Some of the content of this guide was modeled after a guide published by OpenStax and has been adapted for the NWP Learning Commons in March 2022. This work is licensed under a Creative Commons BY 4.0 International License.
Work
Work is the change of kinetic energy on a particle by all forces that act on it. In this section, we will review a constant force being exerted on a body and resulting in a displacement of that body as work. The physicist's definition of work is based on these observations.
Consider a body that undergoes a displacement of magnitude \(r\) along a straight line. While the body moves, a constant force \(\vec{\textbf{F}}\) acts on it in the same direction as the displacement \(\vec{\textbf{r}}\).
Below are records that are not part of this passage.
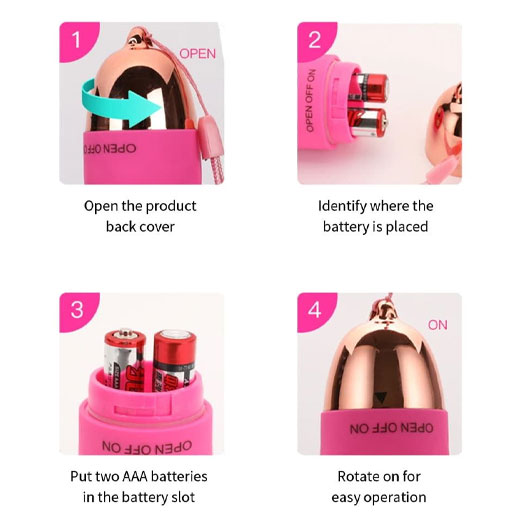 Vibrating Egg Vagina Tighten Ball Fun Toy For Woman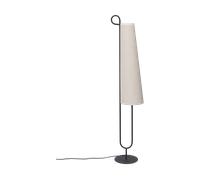 Ferm Living Lampadaire Ancora Noir-Naturel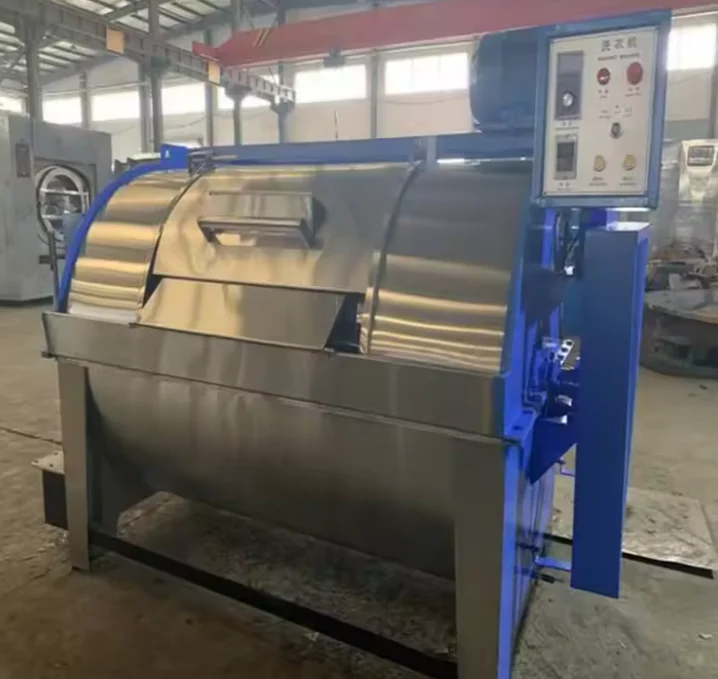 Промышленное оборудование для сухой чистки Шерсти Стиральная Машина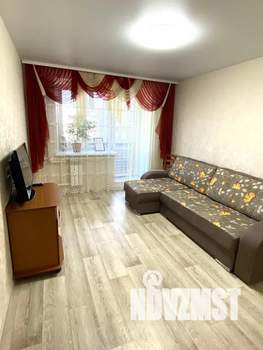 1-к квартира, посуточно, 40м2, 6/9 этаж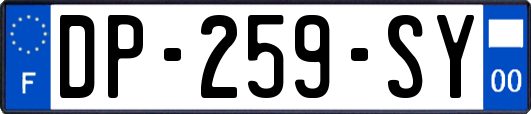 DP-259-SY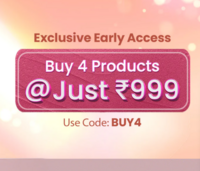Swiss Beauty-Exclusive Early Access Buy 4 products @999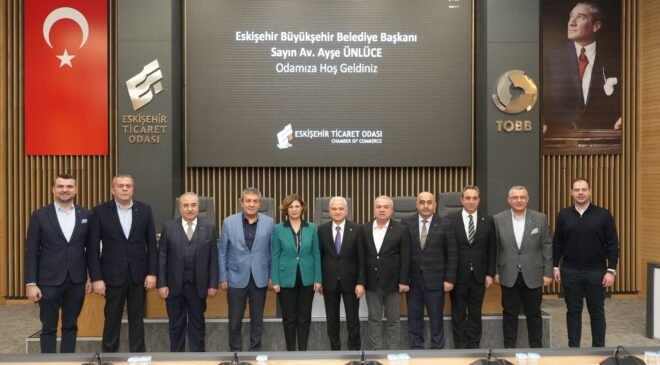 Büyükşehir ve ETO’dan 2026 İçin Güç Birliği: Eskişehir’de Her Ayın 26’sı İndirim Çağrısı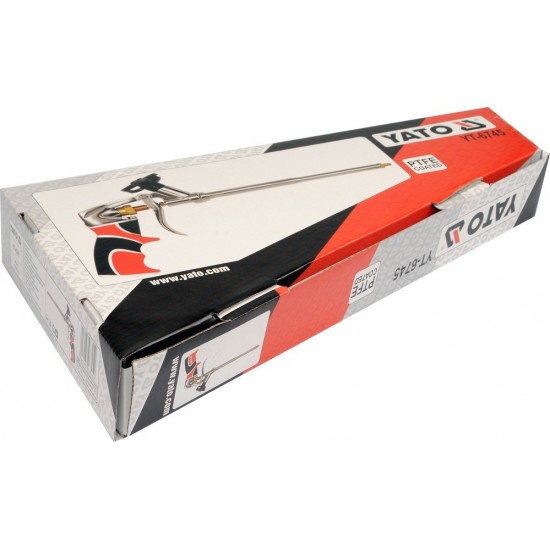 YATO YT-6745 Πιστόλι Αφρού Πολυουρεθάνης Μεταλλικό
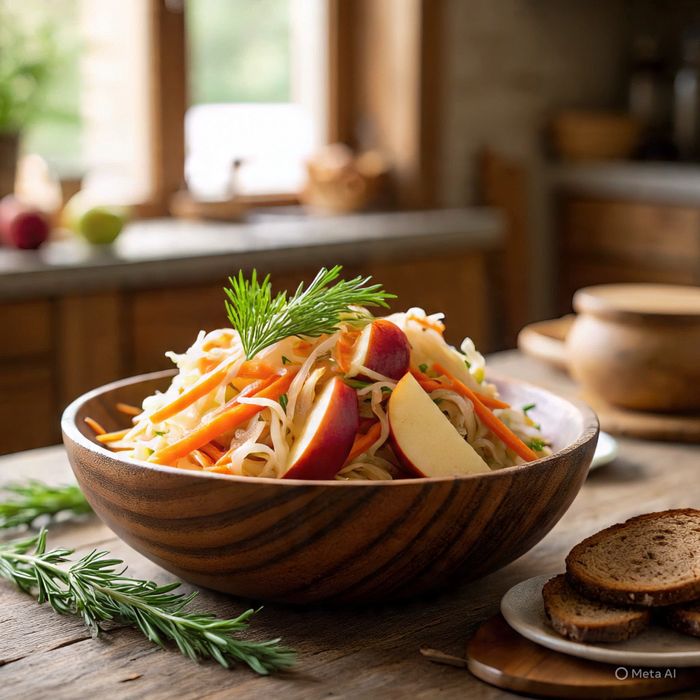 Квашенная капуста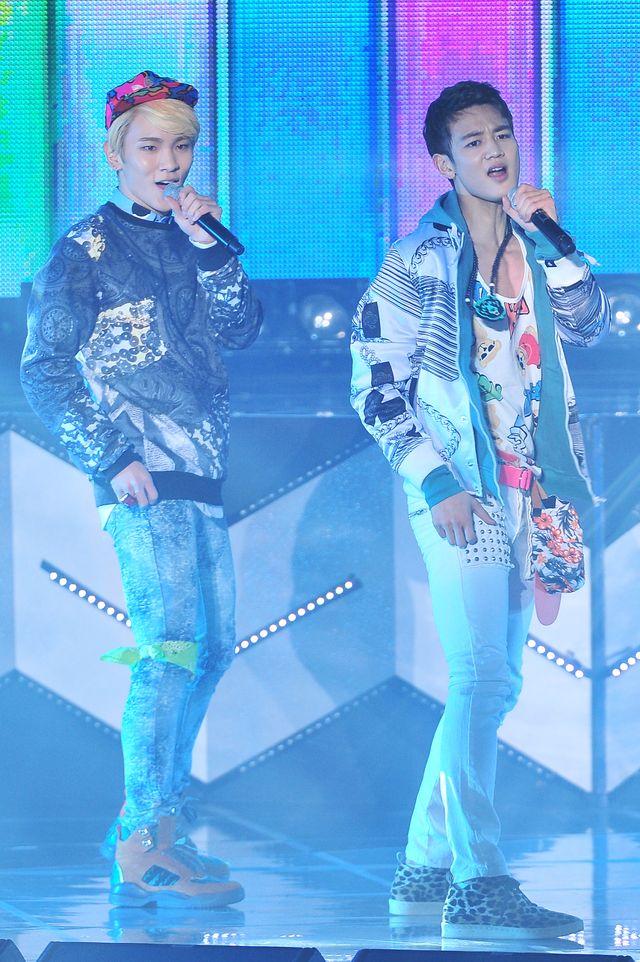 SHINeeが「Dream Girl」で派手にカムバック！＜韓国JPICTURES＞（11枚目）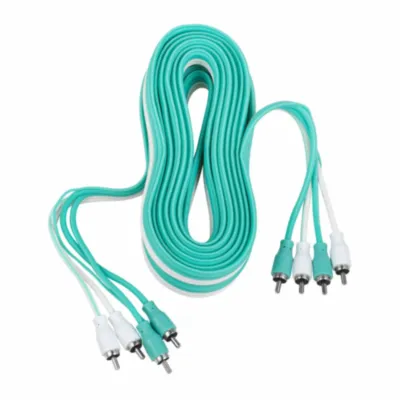 DL Audio Piranha 4RCA 5M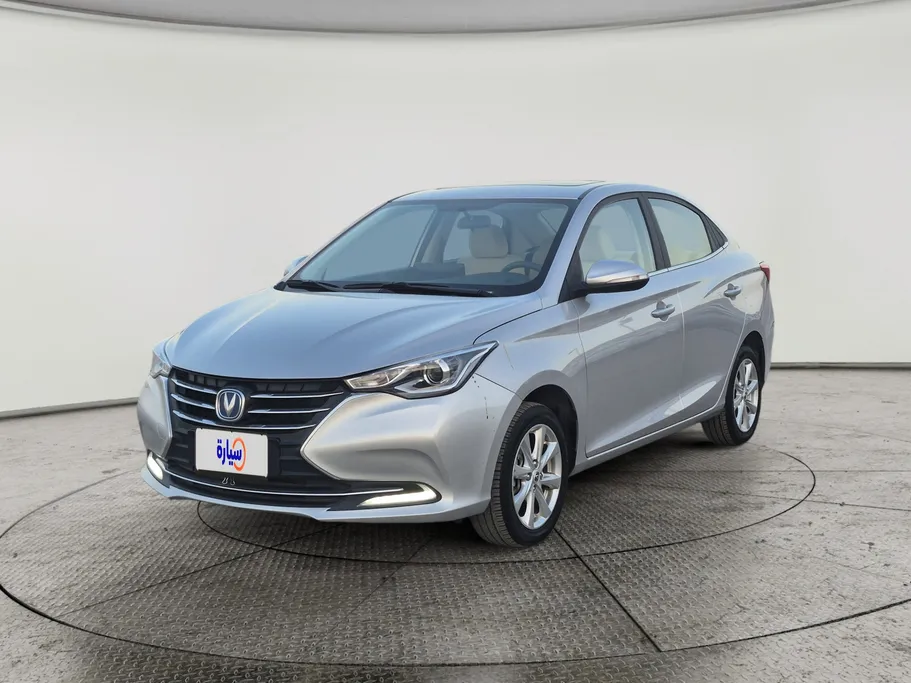 2025 Changan Alsvin Full Option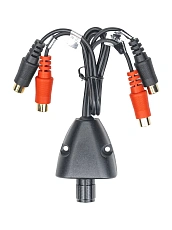 Выносной регулятор баса AMP Bass Control RCA купить в интернет магазине AMPGROUP.  Выносной регулятор баса AMP Bass Control RCA   цены, большой каталог, новинки.
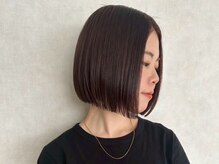 グラム 宜野湾店(gram)の雰囲気（美髪＆手触り抜群！自社オリジナル髪質改善導入店舗♪）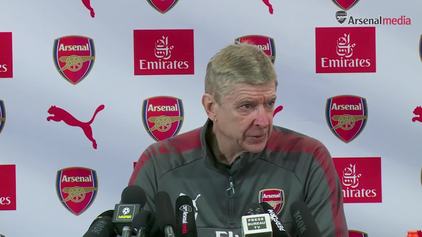 'It's always a game that's emotionally charged'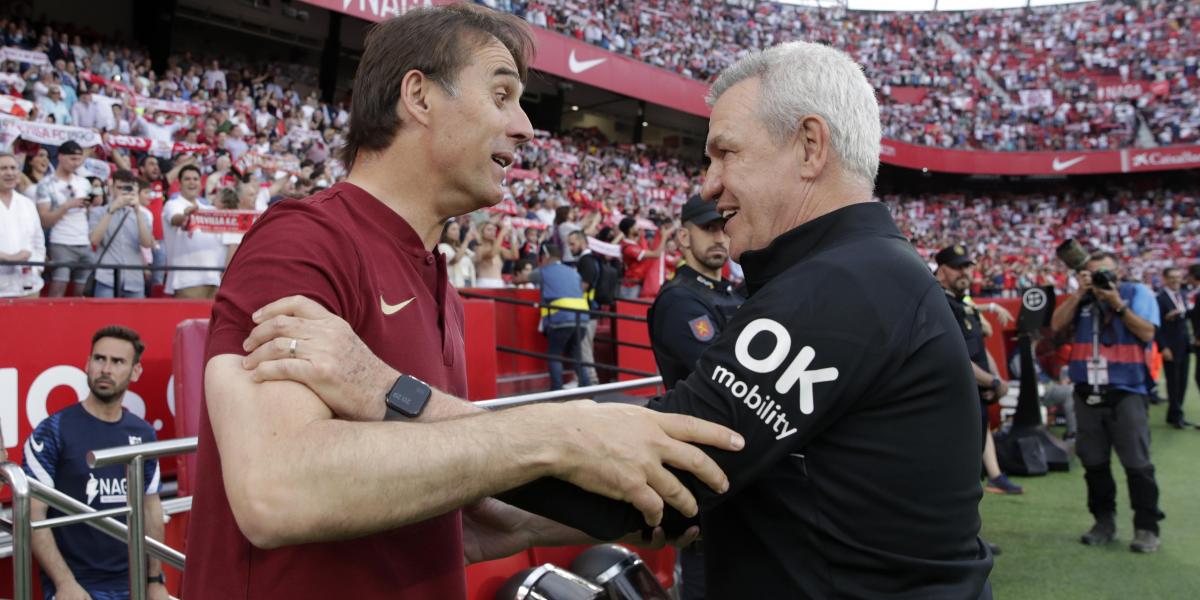 Aguirre: "Veníamos de víctima; el punto sabe bien"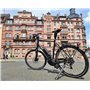 NG Sports Universal Fahrradständer Kettenstrebenständer 24-29" 18mm sw. carbon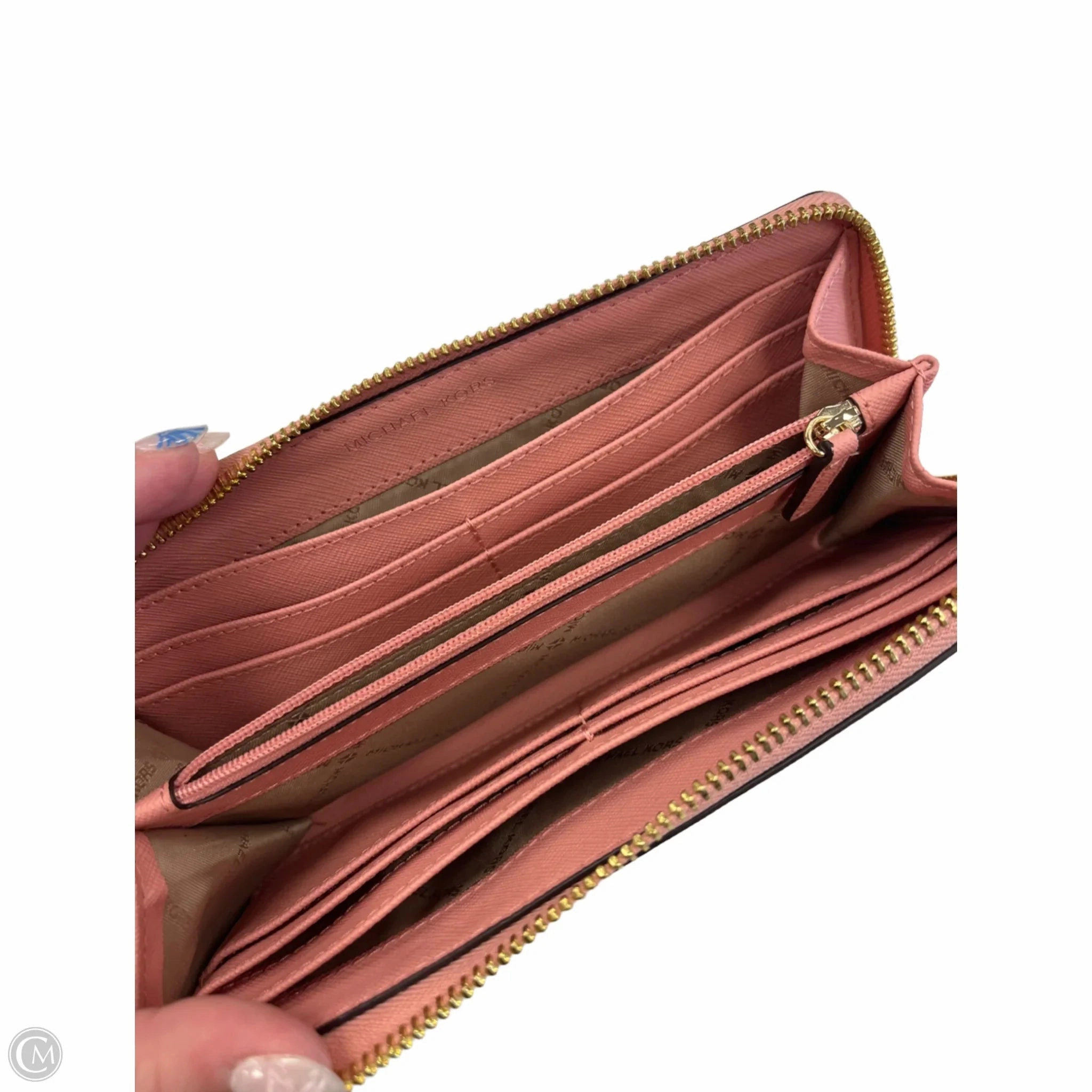 Wallet Designer By Michael Kors, Size: Medium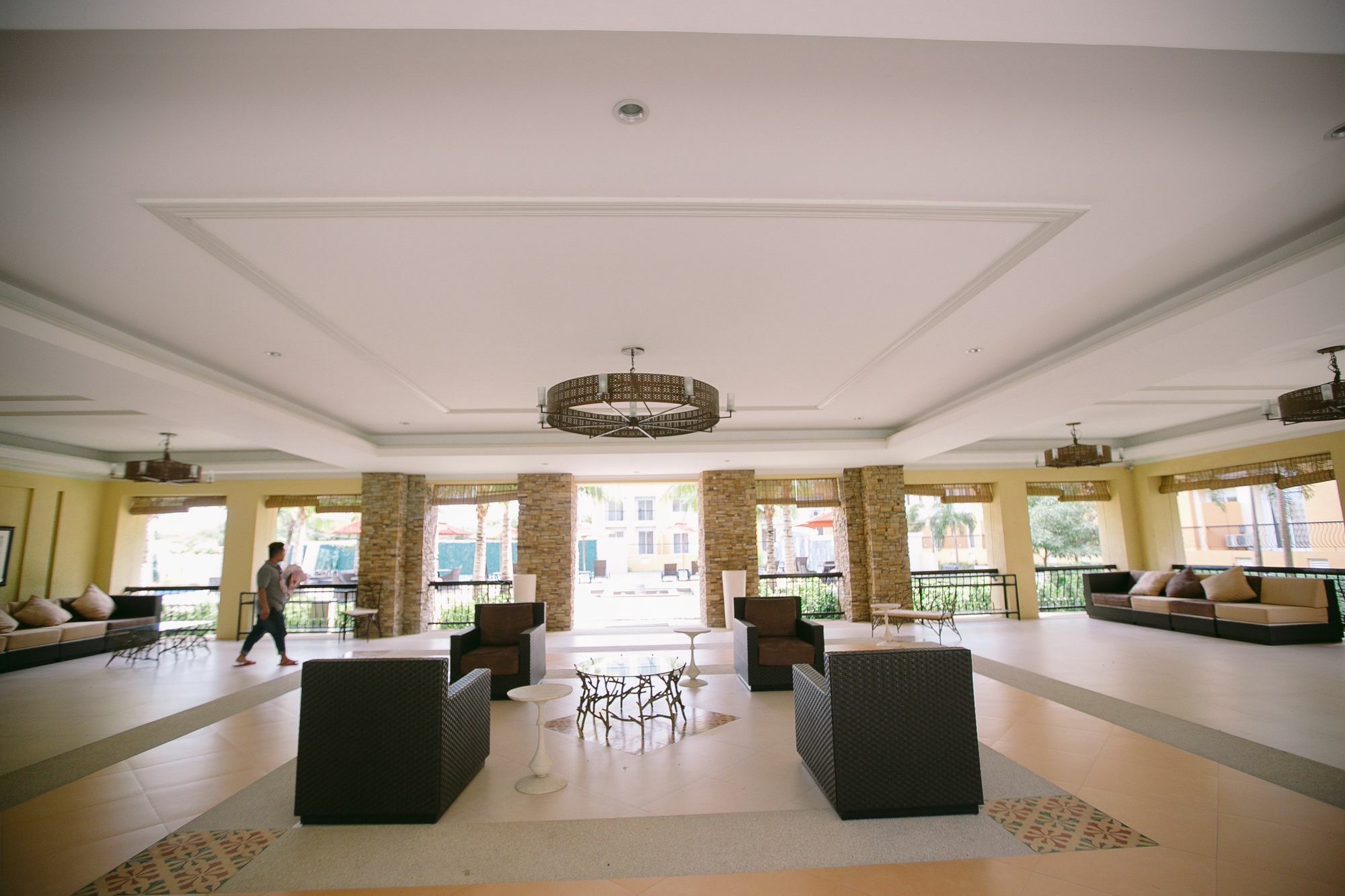 San Remo Oasis Serviced Apartments Cebu Exterior foto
We define the work \(W\) done by this constant force under these circumstances as the dot product of the force \(\vec{\textbf{F}}\) and the displacement \(\vec{\textbf{r}}\). $$dW=\vec{\textbf{F}}\cdot{d}\vec{\textbf{r}}$$ $$\Delta{W}={F_x}\,\Delta{x}+{F_y}\,\Delta{y}+{F_z}\,\Delta{z}$$
How much work was done on the box to move it from point \(A\) to point \(B\)?
$$\vec{\textbf{F}}_a=100N=100N*cos(45)\hat{\textbf{i}}-100N*sin(45)\hat{\textbf{j}}$$
$$\Delta{W}={F_x}\,\Delta{x}+{F_y}\,\Delta{y}$$
$$\Delta{W}=100N*cos(45)\,\Delta{x}-100N*sin(45)\,\Delta{y}$$
$$\Delta{x}={x_2}-{x_1}=10m-0m=10m,\qquad\Delta{y}=0$$
$$\Delta{W}=100N*cos(45)*10m-100N*sin(45)*0$$
$$\Delta{W}=1,000*cos(45)J$$
$$\Delta{W}=707.1J$$
The work done on the box to move it from point \(A\) to point \(B\) is \(707J\).